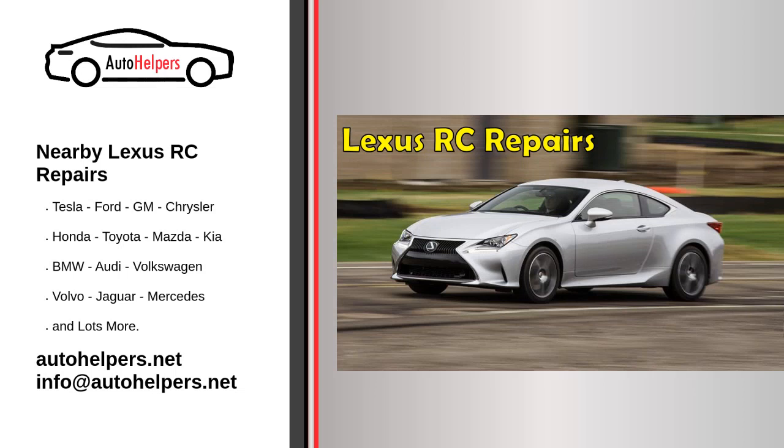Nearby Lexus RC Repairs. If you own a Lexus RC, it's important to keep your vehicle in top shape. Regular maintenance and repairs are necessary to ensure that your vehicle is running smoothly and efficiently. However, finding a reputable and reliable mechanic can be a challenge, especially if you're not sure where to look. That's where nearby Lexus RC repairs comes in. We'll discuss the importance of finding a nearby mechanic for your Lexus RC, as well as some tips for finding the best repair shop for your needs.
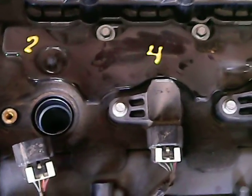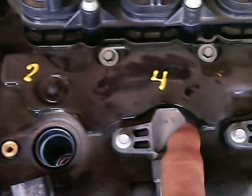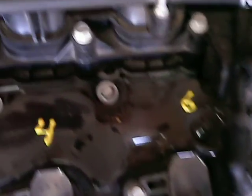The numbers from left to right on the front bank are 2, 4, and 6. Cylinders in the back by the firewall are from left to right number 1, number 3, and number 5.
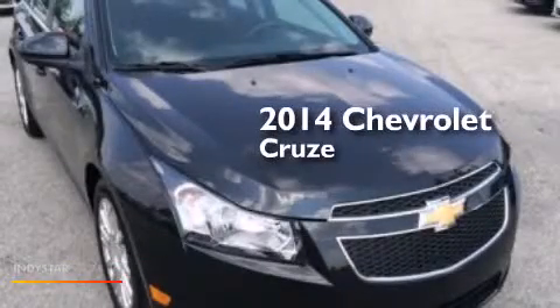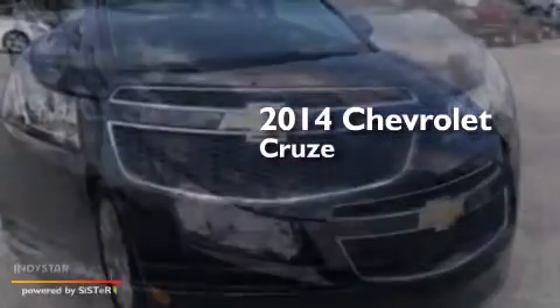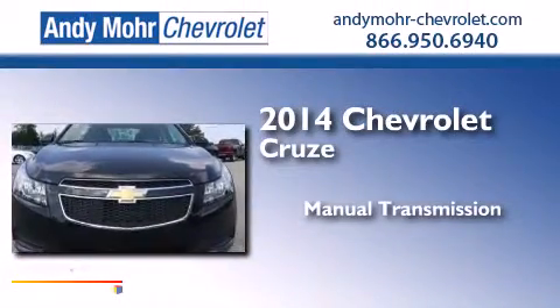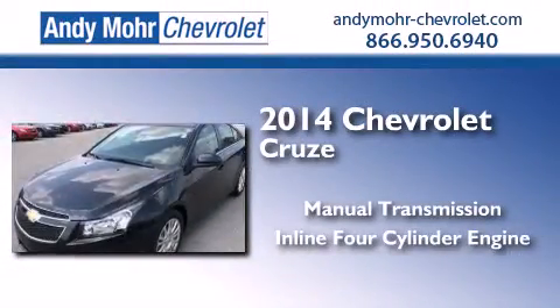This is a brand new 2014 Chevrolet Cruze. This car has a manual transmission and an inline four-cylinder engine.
==
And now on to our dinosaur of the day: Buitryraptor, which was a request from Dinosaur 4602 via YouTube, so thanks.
--
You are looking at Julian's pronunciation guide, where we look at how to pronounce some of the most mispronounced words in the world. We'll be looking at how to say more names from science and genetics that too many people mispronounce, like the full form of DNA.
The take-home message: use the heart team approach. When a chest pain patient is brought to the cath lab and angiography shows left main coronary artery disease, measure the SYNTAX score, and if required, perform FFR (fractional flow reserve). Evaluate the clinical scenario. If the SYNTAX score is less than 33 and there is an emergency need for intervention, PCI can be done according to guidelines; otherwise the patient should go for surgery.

**ACTIVITY**: In the listing above, find the line with "The numbers from" and the line with "This is a brand". Copy exactly those lines and all between them, minus the images.

**EXERCISE SOLUTION**:
The numbers from left to right on the front bank are 2, 4, and 6. Cylinders in the back by the firewall are from left to right number 1, number 3, and number 5.
This is a brand new 2014 Chevrolet Cruze. This car has a manual transmission and an inline four-cylinder engine.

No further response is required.